- Date: October 8, 2017
- Presenters: Manav Gohil, Anuradha Maharaj
- Venue: Royal Albert’s Palace, Fords, New Jersey, USA
- Broadcaster: TV Asia
- Winner: Karina Kohli United States
- Congeniality: Neha Gidwani Sint Maarten
- Photogenic: Unknown (Brittany Singh, Dethroned)

= Miss India Worldwide 2016 =

Miss India Worldwide 2016 was the 25th edition of the Miss India Worldwide pageant, held on 8 October 2017. The event was held at Royal Albert’s Palace in New Jersey, United States.

Stephanie Lohale of Oman crowned her successor Karina Kohli of the United States at the end of the event.

The show was hosted by Indian actor Manav Gohil and Miss India Trinidad & Tobago, Anuradha Maharaj.

==Results==

| Final result | Contestant |
|---|---|
| Miss India Worldwide 2016 | United States - Karina Kohli; |
| 1st runner-up | South Africa - Krsna Priya Dasa; |
| 2nd runner-up | Aruba - Karishma Malhotra; |
| Top 5 | France – Stephanie Madavane; Sri Lanka - Lankika Mathotaarachchi; |
| Top 10 | Canada – Zooni Thusoo; Guyana – Brittany Singh; |

===Special awards===

| Award | Name | Country |
|---|---|---|
| Miss Congeniality | Neha Gidwani | Sint Maarten |
| Miss Photogenic | Brittany Singh | Guyana |
| Miss Beautiful Skin | Zooni Thusoo | Canada |
| Miss Beautiful Smile | Alisha Nanden | Netherlands |
| Miss Bollywood Diva | Lankika Mathotaarachchi | Sri Lanka |

== Contestants ==
40 contestants competed for the title of Miss India Worldwide 2016.

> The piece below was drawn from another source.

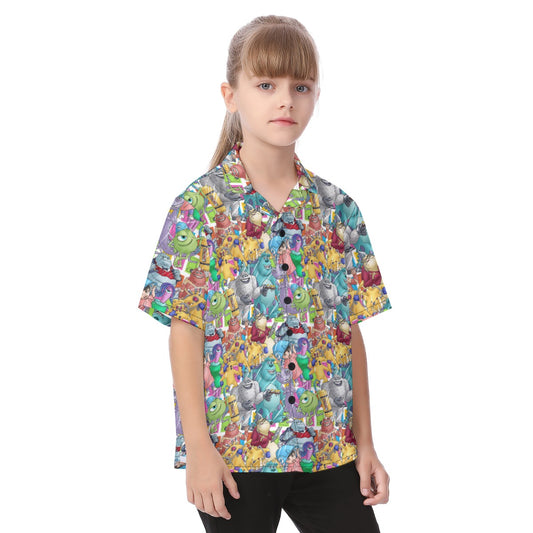 Monster Mayhem Sketched - Kid's Hawaiian Button Up Shirt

- Aruba – Karishma Malhotra
- Australia – Sukhmani khaira
- Canada – Zooni Thusoo
- Fiji – Ashwani Maharaj
- France – Setphanie Madavane
- French Guiana – Mayeline Estevez
- Guadeloupe – Indirah Mekel
- Guyana – Brittany Singh
- India – Akila Narayanan
- Italy – Basanti Tak
- Kenya – Finali Galaiya
- Laos – Nassima Mohamed
- Martinique – Anne Sophie Herard
- Mauritius – Jaleela Hassennally
- Netherlands – Alisha Nanden
- New Zealand – Pooja Bhagath
- Scotland – Kamilah Afaq
- Sint Maarten – Neha Gidwani
- South Africa – Krsna Priya Dasa
- Sweden – Namita Arora
- Sri Lanka – Lankika Mathotaarachchi
- Switzerland – Veena Tanner
- Trinidad and Tobago – Martina Mahase
- UAE – Sukanya Sudhakaran
- ' – Jamini Patel
- USA – Karina Kohli

==Crossovers==
Contestants who previously competed or will compete at other beauty pageants:

- India – Akila Narayan has finished 1st runner-up at Miss India Teen New England 2015 and Miss Teen India USA 2015. She had completed at Miss India USA 2015 and Miss South India 2017.
- Kenya – Finali Galaiya, Miss India Wordwilde Kenya, won the title of Miss Attitude East Africa 2016 in Nairobi, Kenya.
- Mauritius – Jaleela Hassennally, Miss India Worldwide Mauritius, has been conferred the title of Miss Humanity Hope 2016 by Cancer Association of Mauritius (CANMA).
- South Africa – Krsna Priya Dasa, Miss India South Africa, was previously Miss India South Africa KwaZulu-Natal 2015.
- Sweden – Namita Arora won the title of Miss India Europe 2014 in Barcelona, Spain.
- UAE – Sukanya Sudhakaran, Miss India UAE, won the award of Miss Photogenic at Miss Kerala 2014.